Thursday, April 23, 2015

the last book I ever read (Tennessee Williams: Mad Pilgrimage of the Flesh, excerpt six)

from Tennessee Williams: Mad Pilgrimage of the Flesh: A Biography by John Lahr:

Brando’s acting style was the performing equivalent of jazz. The notes were there, but Brando played them in a way that was uniquely personal to him. In his ability to call out of dialogue a heightened sense of emotional truth, the freedom of his stage behavior was mesmerizing and revolutionary. Instead of making everything learned and clear, Brando let the lines play on him and rode his emotions wherever they led him. “He even listened experientially,” Kazan said. “It’s as if you were playing on something. He didn’t look at you, and he hardly acknowledged what you were saying. He was tuned in to you without listening to you intellectually or mentally. It was a mysterious process . . . . There was always an element of surprise in what he did.” By turns charming, witty, wounded, cruel—Brando presented the public with an immediacy that seemed un-worked out; his reliance on impulse made him unpredictable and therefore dangerous. For both actor and audience the experience was a submersion in emotional contradiction. “There are no ‘good’ or ‘bad’ people,” Williams wrote to Kazan when negotiations with Selznick seemed to have broken down. “Nobody sees anybody truly, but all through the flaws of their own ego.” Brando incarnated this ambivalence and made it sensational.

Over the years, as the legend of his performance as Stanley grew from its initial mixed critical response to what the New York Times in his obituary called “epochal,” many theatricals took credit for casting him. Audrey Wood claimed it was her husband William Liebling; with more justification, Kazan maintained it was him; Brando insisted that Harold Churman planted the idea in Kazan’s head. “Gadg and Irene both said I was probably too young, and she was especially unenthusiastic about me,” Brando recalled in his autobiography. After pondering the script for a few days, even Brando called Kazan to decline the role. The part, he felt, was “a size too large.” “The line was busy,” Brando recalled later. “Had I spoken to him at that moment, I’m certain I wouldn’t have played the role. I decided to let it rest for a while and the next day he called me and said: ‘Well, what is it—yes or no?’ I gulped and said ‘Yes.’” To Kazan, Brando was “a shot in the dark”: now only Williams needed convincing. Kazan called Williams, gave Brando twenty dollars, and sent him up to Provincetown to read. “That’s all I said,” Kazan recalled. “I waited. No return call. After three days I called Tennessee and asked him what he’d thought of the actor I’d sent him. ‘What actor?’ he asked. No one had showed up, so I figured I’d lost twenty bucks and began to look elsewhere.”

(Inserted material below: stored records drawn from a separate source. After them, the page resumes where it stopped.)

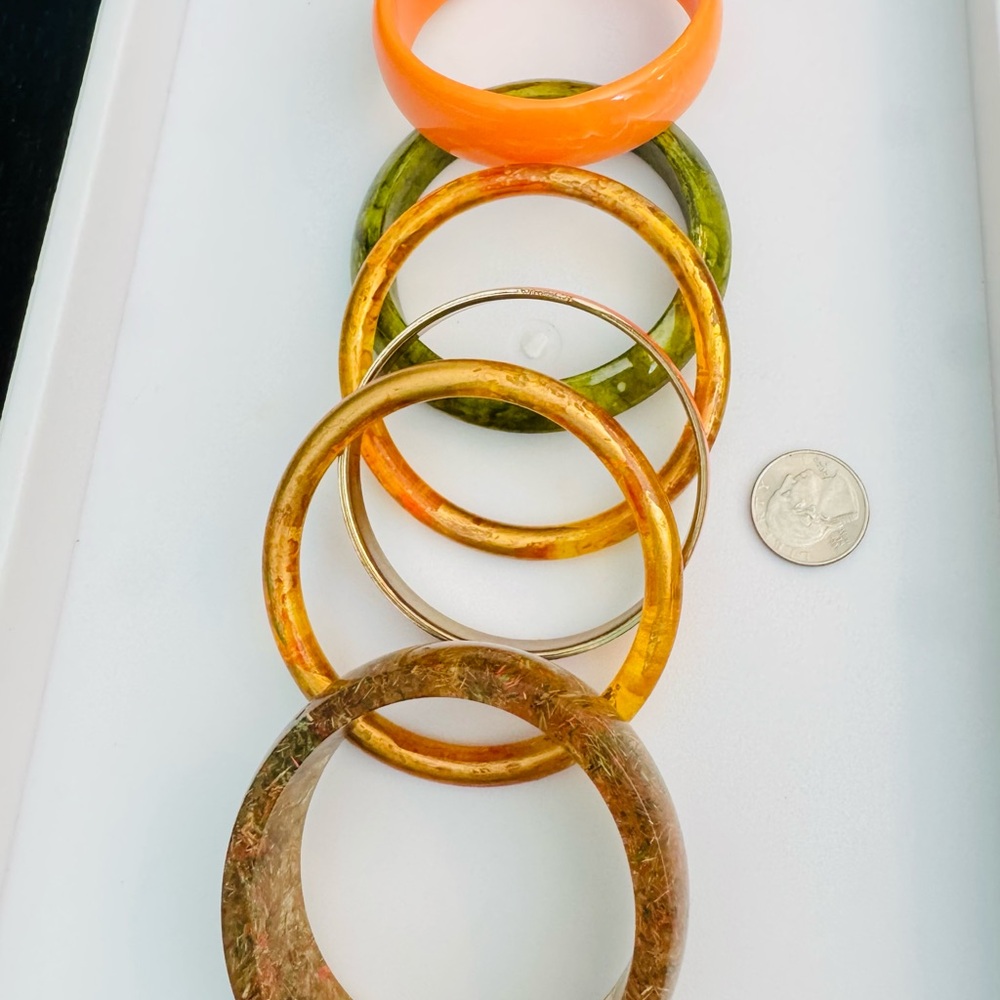 Vintage Bangle Set Colorful Resin Bangle Set 6pc Boho Bohemian Festival Jewelry - Picture 2 of 2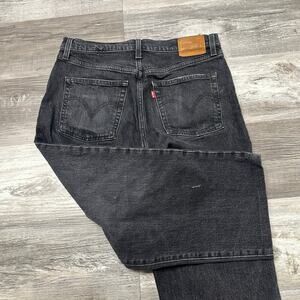 Levis Premium Faded Black Womens 31x22 Ribcage Straight Cropped Button Fly Jeans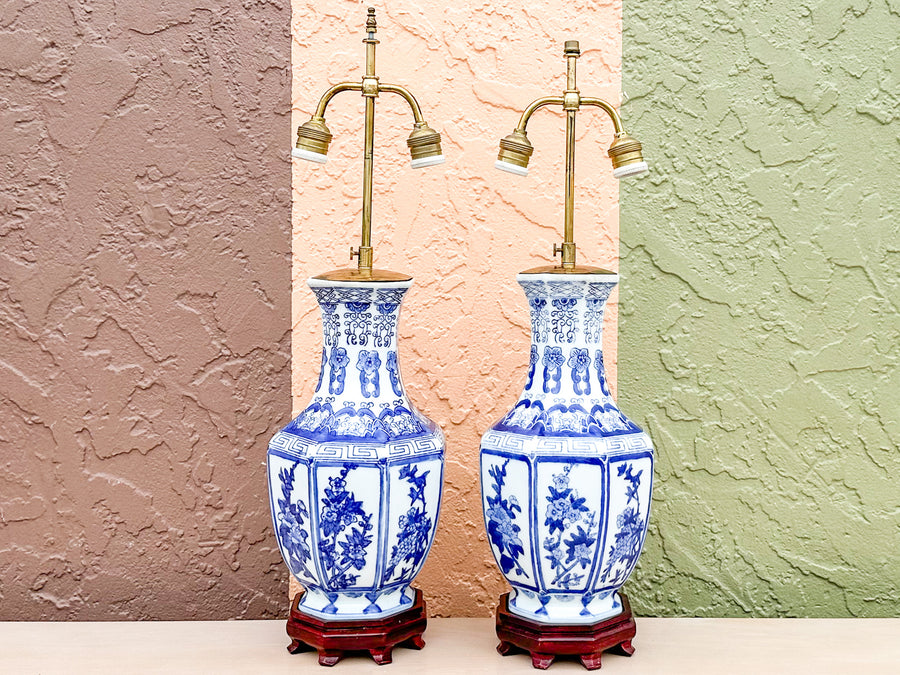 Pair of Blue and White Chinoiserie Lamps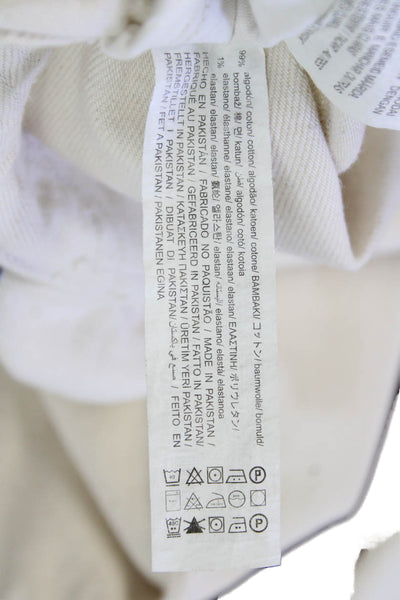 Zara Womns Cotton Specked Print Tailored Straight Leg Pants Beige Size 6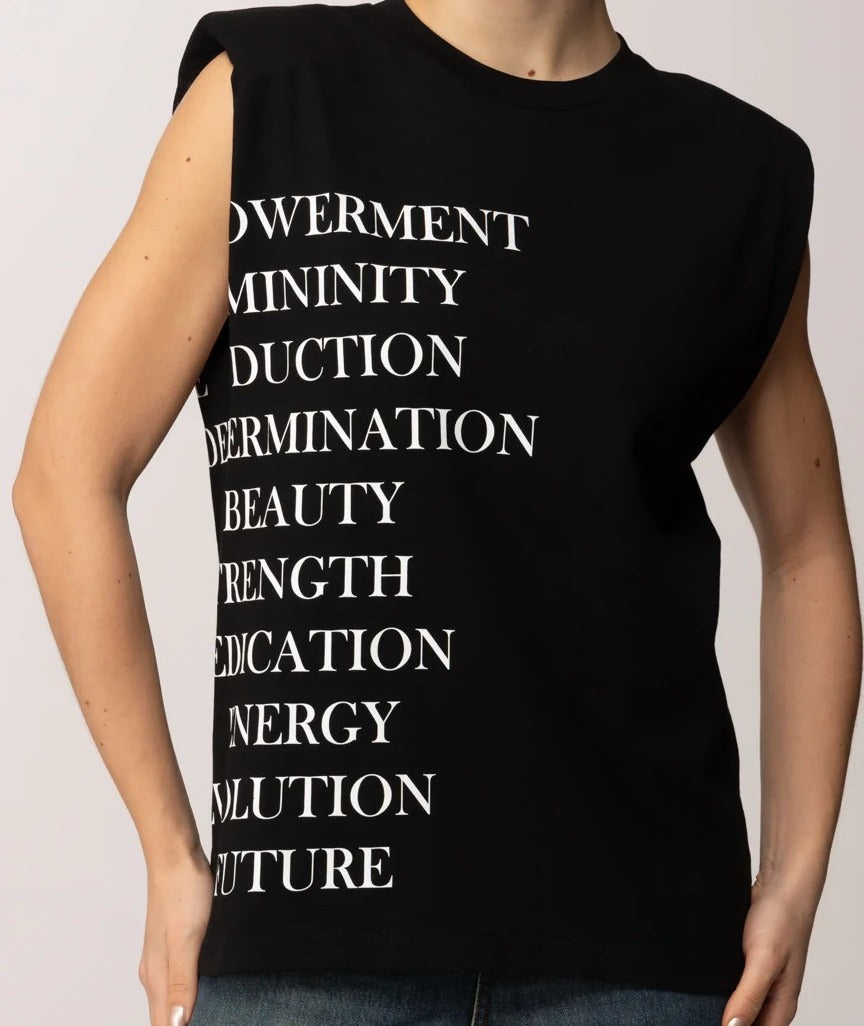 ELISABETTA FRANCHI T-Shirt Jersey Smanicata Stampa Lettering-Nero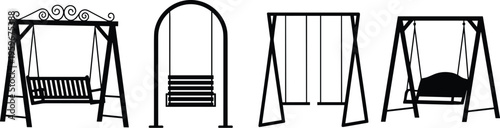 Outdoor swing set collection, playground seating, garden bench swings, toddler safety swing, decorative metal frame, park furniture, family recreation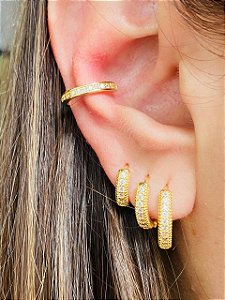 Trio Argolinhas 1 Fileira Cravejada em Zircônias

Brando, who was broke, had decided to hitchhike with his girlfriend to Provincetown. When he finally arrived at Rancho Pancho around dusk in the last week of August, Brando walked into a scene of “domestic cataclysm,” according to Williams. The kitchen floor was flooded, the toilets were blocked, and the light fuse had blown. Like the blackout during the Wingfields’ supper, Williams and his houseguests were plunged “into everlasting darkness.” “It was all too much for Pancho,” Williams said. “He packed up and said he was going back to Eagle Pass. However he changed his mind, as usual.” To Williams, Brando was a spectacle of both beauty—“He was just about the best-looking young man I’ve ever seen”—and prowess. Brando fixed the lights, then unblocked the pipes. “You’d think he had spent the entire antecedent life repairing drains,” Williams said.